[Entries taken from a collection]
☆ ☆ ☆ ☆ ☆ ☆ ☆

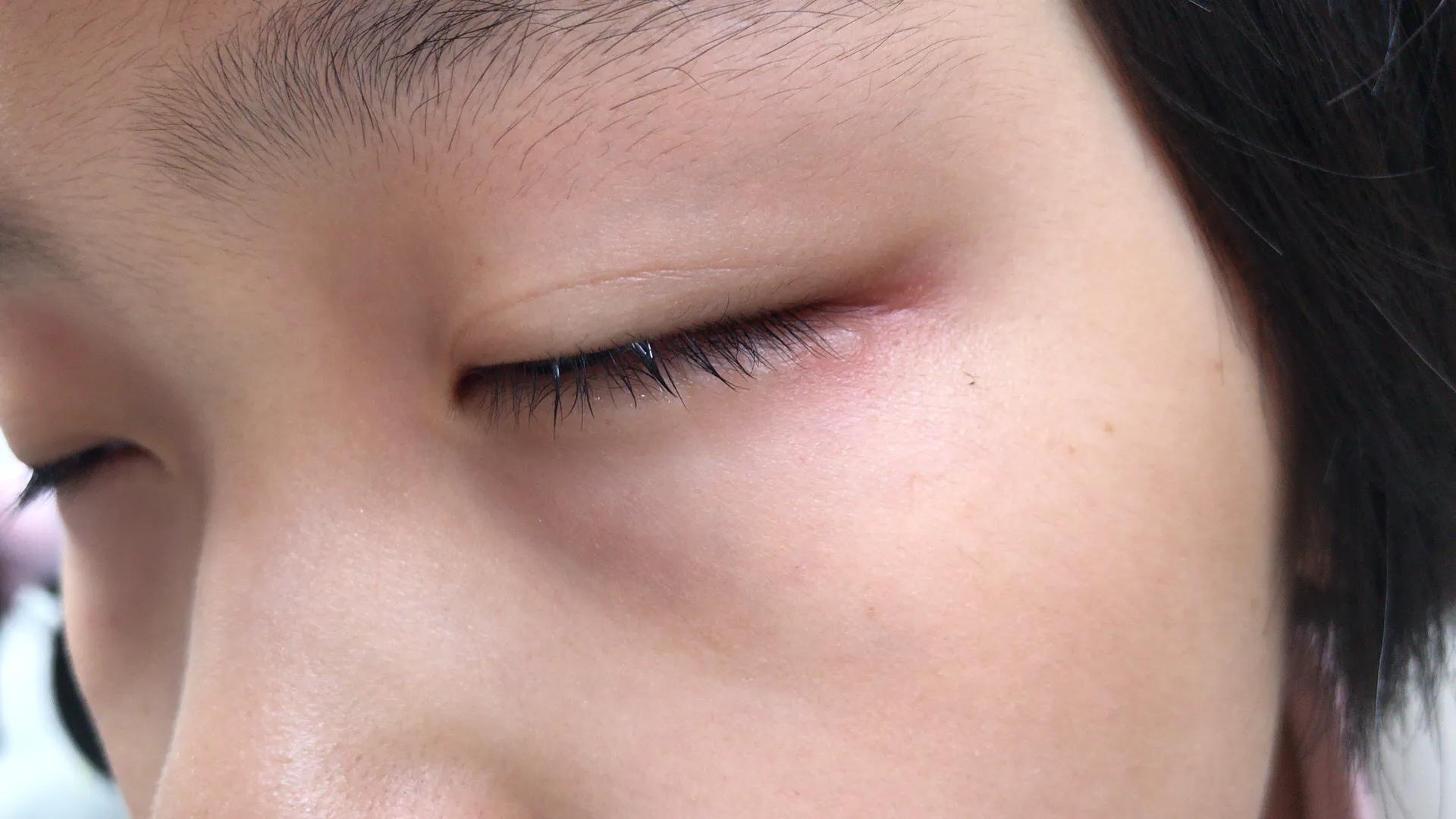 儿童发烧吃美林过敏什么原因,儿童发烧喝美林浑身起疙瘩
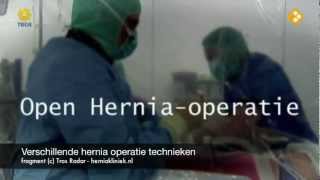 Verschillende hernia operatie technieken [upl. by Cowan]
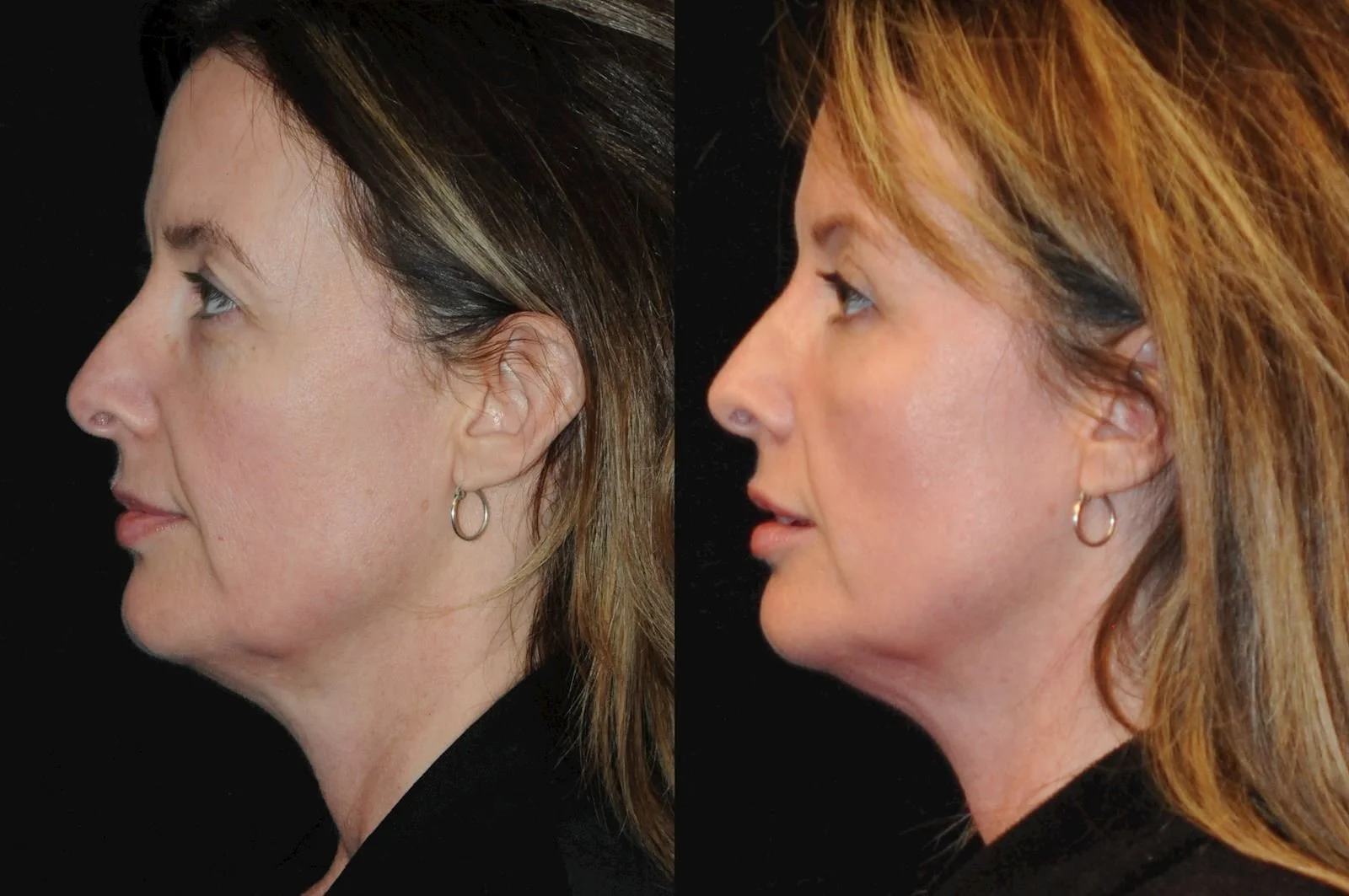 Allen, valena  (20150731140113400) 20170120162425785.jpg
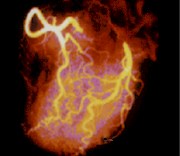 Enfermedad coronaria microvascular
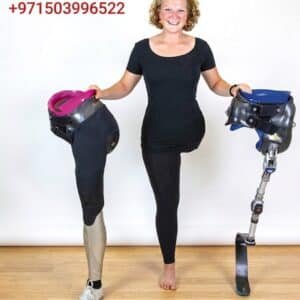 Hip Disarticulation Prosthesis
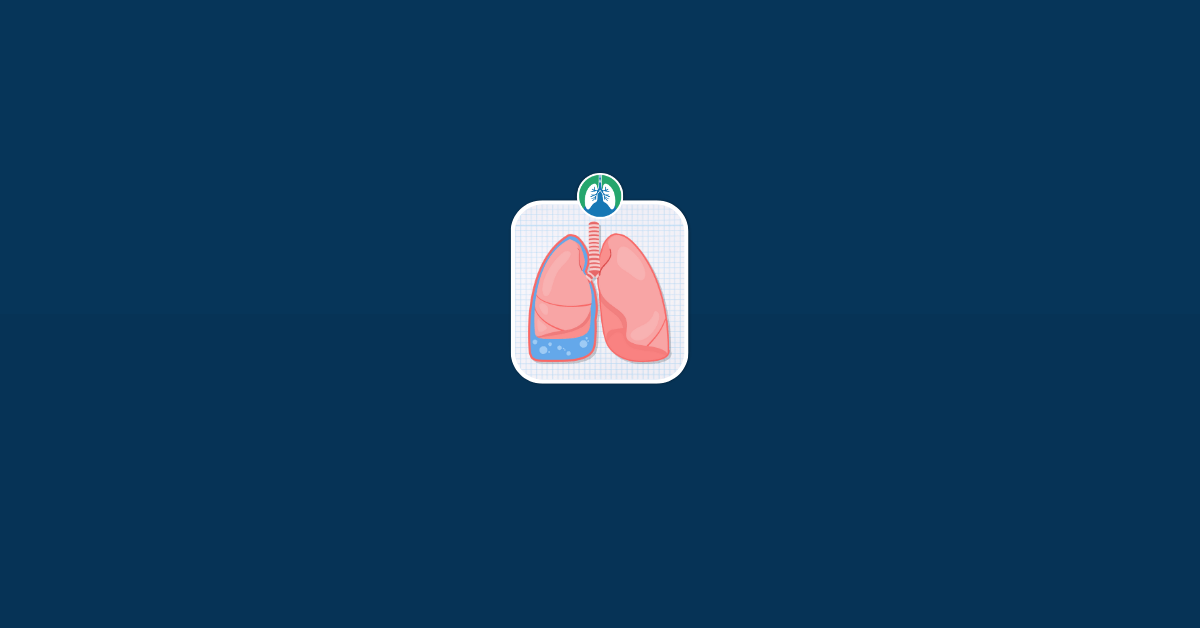 How to Get Fluid Out of the Lungs Vector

☆ ☆ ☆ ☆ ☆ ☆ ☆

* Work instructions
Each entry shown above must be quoted exactly, with its pictures left out.

* Answer space
 儿童发烧吃美林过敏什么原因,儿童发烧喝美林浑身起疙瘩
 Verschillende hernia operatie technieken [upl. by Cowan]
 Allen, valena  (20150731140113400) 20170120162425785.jpg
 Enfermedad coronaria microvascular
 Hip Disarticulation Prosthesis
 How to Get Fluid Out of the Lungs Vector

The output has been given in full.